July 5, 2007 — -- Around the clock, government computers and forensic examiners compare fingerprints the U.S. government and its partners in other countries have collected to the prints of foreign nationals entering the United States.
Military and intelligence officials have been secretly taking thousands of fingerprints from terrorist safe houses, training camps, bomb factories and battlefields in Iraq and Afghanistan.
The war zones, the caves in Afghanistan and other places where potential terrorists hide out can be sources of fingerprints, said Robert Mocny, director of the Department of Homeland Security's U.S. Visitor and Immigrant Status Indicator Technology Program — also known as US-VISIT.
"They will have used a laptop," he said. "They may have used another device. We may pick up fingerprints from a bomb fragment."

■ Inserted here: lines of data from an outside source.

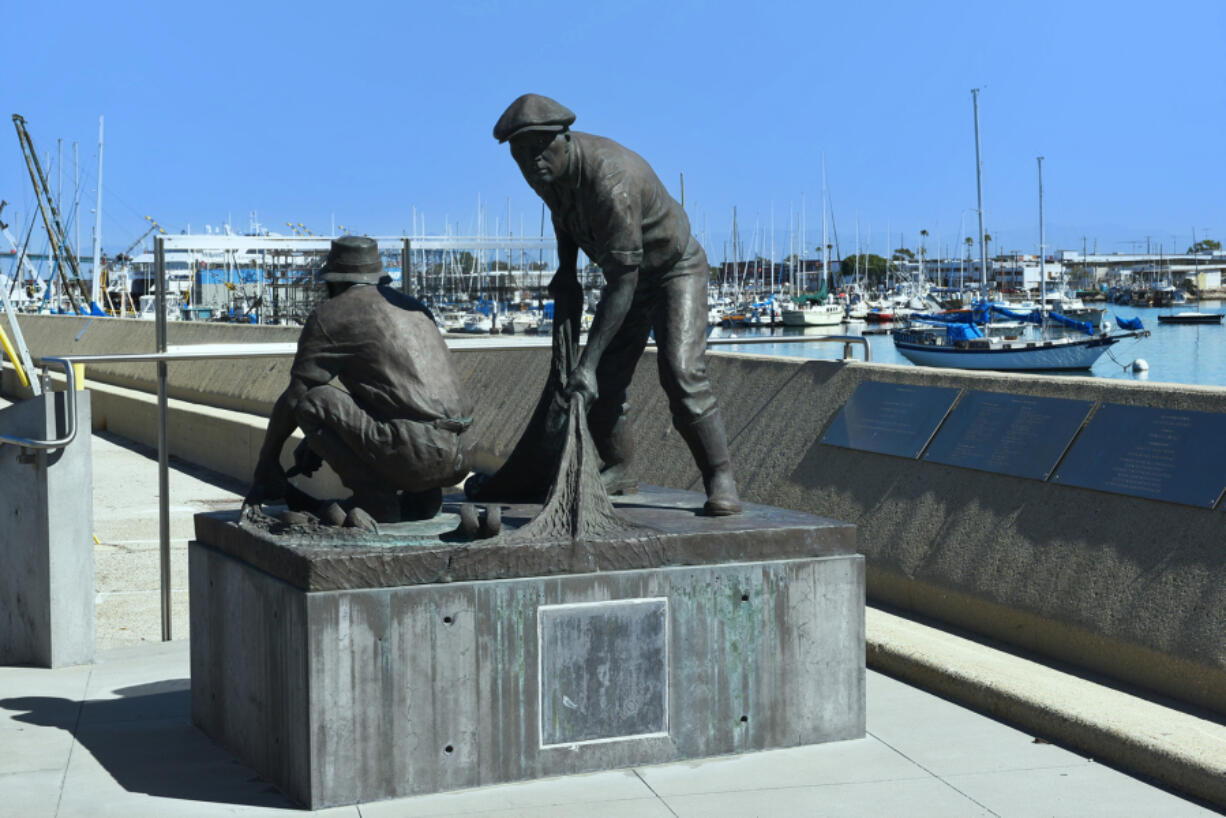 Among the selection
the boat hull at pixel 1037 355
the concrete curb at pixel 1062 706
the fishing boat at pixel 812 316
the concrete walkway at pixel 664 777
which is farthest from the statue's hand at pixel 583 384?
the fishing boat at pixel 812 316

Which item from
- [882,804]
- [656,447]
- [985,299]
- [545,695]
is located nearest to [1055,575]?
[882,804]

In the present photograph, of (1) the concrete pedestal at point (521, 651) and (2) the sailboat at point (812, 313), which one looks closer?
(1) the concrete pedestal at point (521, 651)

The fingerprints of suspects in the various London plots in recent years have been placed in the national database, and U.S. officials expect any fingerprint taken in the most recent London attack will be added.
The goal is to catch a terrorist — who has not made it onto a watch list — trying to sneak into the country to launch an attack.

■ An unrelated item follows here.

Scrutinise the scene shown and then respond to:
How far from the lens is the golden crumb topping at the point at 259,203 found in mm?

"What we really want to do is look for the unknown terrorist," said Homeland Security Secretary Michael Chertoff. "We can run the prints of visitors against those databases and identify people who have trained in camps or built bombs whose names we may not yet know."
A secret facility outside Washington, D.C., houses a database containing more than 60 million fingerprints.

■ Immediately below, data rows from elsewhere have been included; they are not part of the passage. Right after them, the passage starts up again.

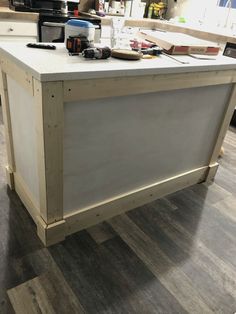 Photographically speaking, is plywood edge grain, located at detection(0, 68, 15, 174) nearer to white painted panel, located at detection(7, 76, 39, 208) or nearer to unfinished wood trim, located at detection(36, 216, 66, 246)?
white painted panel, located at detection(7, 76, 39, 208)

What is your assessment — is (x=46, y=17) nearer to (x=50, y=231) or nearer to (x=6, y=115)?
(x=6, y=115)

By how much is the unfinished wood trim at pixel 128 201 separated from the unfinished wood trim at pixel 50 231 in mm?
44

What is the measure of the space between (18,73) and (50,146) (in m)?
0.36

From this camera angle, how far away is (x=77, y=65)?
3.79 ft

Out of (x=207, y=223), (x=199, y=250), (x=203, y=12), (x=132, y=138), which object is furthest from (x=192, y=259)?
(x=203, y=12)

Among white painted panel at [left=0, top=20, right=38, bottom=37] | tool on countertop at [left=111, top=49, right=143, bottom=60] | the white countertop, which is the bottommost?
white painted panel at [left=0, top=20, right=38, bottom=37]

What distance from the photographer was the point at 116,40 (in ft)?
5.04

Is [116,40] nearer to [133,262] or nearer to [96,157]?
[96,157]

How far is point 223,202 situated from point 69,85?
56.1 inches

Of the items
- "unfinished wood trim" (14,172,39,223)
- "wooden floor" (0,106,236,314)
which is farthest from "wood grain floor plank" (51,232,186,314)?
"unfinished wood trim" (14,172,39,223)

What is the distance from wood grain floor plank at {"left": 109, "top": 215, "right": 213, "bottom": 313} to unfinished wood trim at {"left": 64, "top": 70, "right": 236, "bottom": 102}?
2.63ft

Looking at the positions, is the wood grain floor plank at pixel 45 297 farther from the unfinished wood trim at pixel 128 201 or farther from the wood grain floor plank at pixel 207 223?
the wood grain floor plank at pixel 207 223

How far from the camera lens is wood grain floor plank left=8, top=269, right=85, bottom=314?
3.85ft

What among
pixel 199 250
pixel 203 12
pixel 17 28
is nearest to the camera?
pixel 199 250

It stores the prints of not only suspected terrorists but fugitives and illegal immigrants who have been kicked out of the country.
At ports of entry, such as airports, officials scan the fingerprints of every foreign national entering the United States as part of an electronic dragnet.
The effort aims to track individuals who might have created a false identity to get around security.
"We are looking for people who are trying to beat the system," Mocny said. "The fingerprint doesn't lie. The name and date of birth can be changed but the fingerprint cannot."
So far, more than 1,300 criminals and illegal immigrants have been caught using bogus identities.
Homeland security officials plan to expand the program, making the data available to 650,000 police installations across the country.
Beginning this fall, foreign nationals will have to submit their 10 fingers for printing, not just two. The government believes this will give it more chances to catch a terrorist.